Maman qui avait vendu le peu de meubles qui nous restaient, récupéra une somme d’argent juste assez suffisante pour acheter nos billets de bateau à destination de la métropole, six places en 1ère classe, dernière folie, dernier pied-de-nez à une vie de chômeur vécue à crédit, et premier acte digne d’une vie de futurs riches, à laquelle Papa pour mieux la convaincre de quitter l’Algérie, l’avait préparée en lui vantant ” les monts et merveilles” de leur future vie parisienne…N’allions-nous pas, en effet, comme on le disait alors habiter dans un “immeuble bourgeois” …Bourgeois…ce terme avait à l’époque pour moi une autre résonance, puisque Maman portait alors, un parfum de la marque “Bourjois”, sur l’emballage duquel, comme par hasard, se découpait la silhouette de la ville de Paris, alternant en continuité les monuments touristiques tels que la Tour Eiffel, l’Arc de triomphe…avec les toits mansardés de la ville. Très chic, très parisien…Mais j’avais aussi vu déjà des représentations de ” bourgeois” sur des gravures représentant de gros messieurs orgueilleux, j’appris plus tard que c’est Daumier qui en était l’auteur. Ainsi dans mon esprit d’enfant se mêlaient sous le terme d’ ” immeuble bourgeois” tous les éléments d’un monde à l’assemblage mystérieux…

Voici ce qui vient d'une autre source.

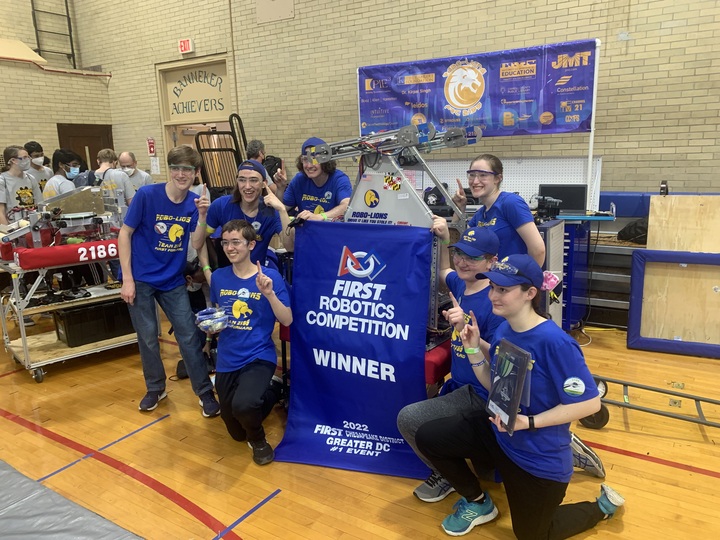 Winning Robotics Team The Robo Lions T-Shirt Photo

Seule, Maman, n’avait pas été malade durant la traversée alors que Richard, le plus jeune frère de Papa et nous quatre, avions souffert et étions aussi deshydratés qu’affamés…Pas de grands souvenirs de Marseille, si ce n’est celui d’un grand espace hurlant et fumant, froid, anonyme, dans lequel zigzaguaient des porteurs surchargés de bagages…Puis la chaleur du compartiment, la vitre recouverte de buée et dégoulinante de larmes, à travers laquelle le paysage froid et brumeux se déroulait, interrompu par les tunnels qui happaient notre train dans un claquement sec. Et puis Maman prévoyante savait que que nous aurions faim, aussi je redécouvris les sandwiches au pâté de tête …et au jambon…

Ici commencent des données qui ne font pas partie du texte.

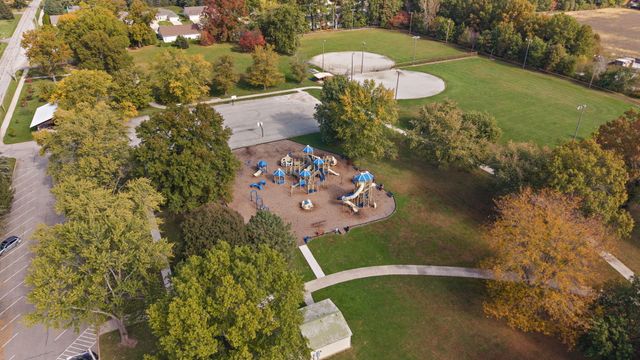 2121 Tupelo Lane, Chesterton, IN 46304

C’est dans la nuit, tard, que nous retrouvâmes Papa sur le quai de la Gare de Lyon…Là aussi pas de souvenirs précis…le plaisir d’entendre sa voix, de le voir s’occuper de nous. Une gare très sombre: des lumières faibles et trop haut perchées, le froid vif , une très grosse horloge…et puis tout là-bas au bout d’un grand boulevard bordé d’arbres nus, un pont de chemin de fer suspendu…le métro aérien, traversant le boulevard. Nous arrivions près de Chateau Rouge et allions passer notre première nuit chez la tante Rosette.


L’hiver 51. Ce Paris glacial, trop grand, et trop noir et trop blanc…trop de suie et trop de neige, trop de cheminées fumantes et trop de givre. Le cœur gros. La mélancolie d’un enfant ayant abandonné sa 6ème du lycée Bugeaud, tout blanc, pour rejoindre ce lycée Condorcet aux murs tout noirs…Tristesse de ce métro parisien, intestinal, tiède, fétide, strident et sombre. Ah, mon « tram » de Bab el Oued, dinng, dinng !dinng dinng !. Tu rasais de si près les arcades de la rue Bab Azoun, que j’en avais peur ! Mon pays, ma ville blanche, comme vous me manquiez déjà!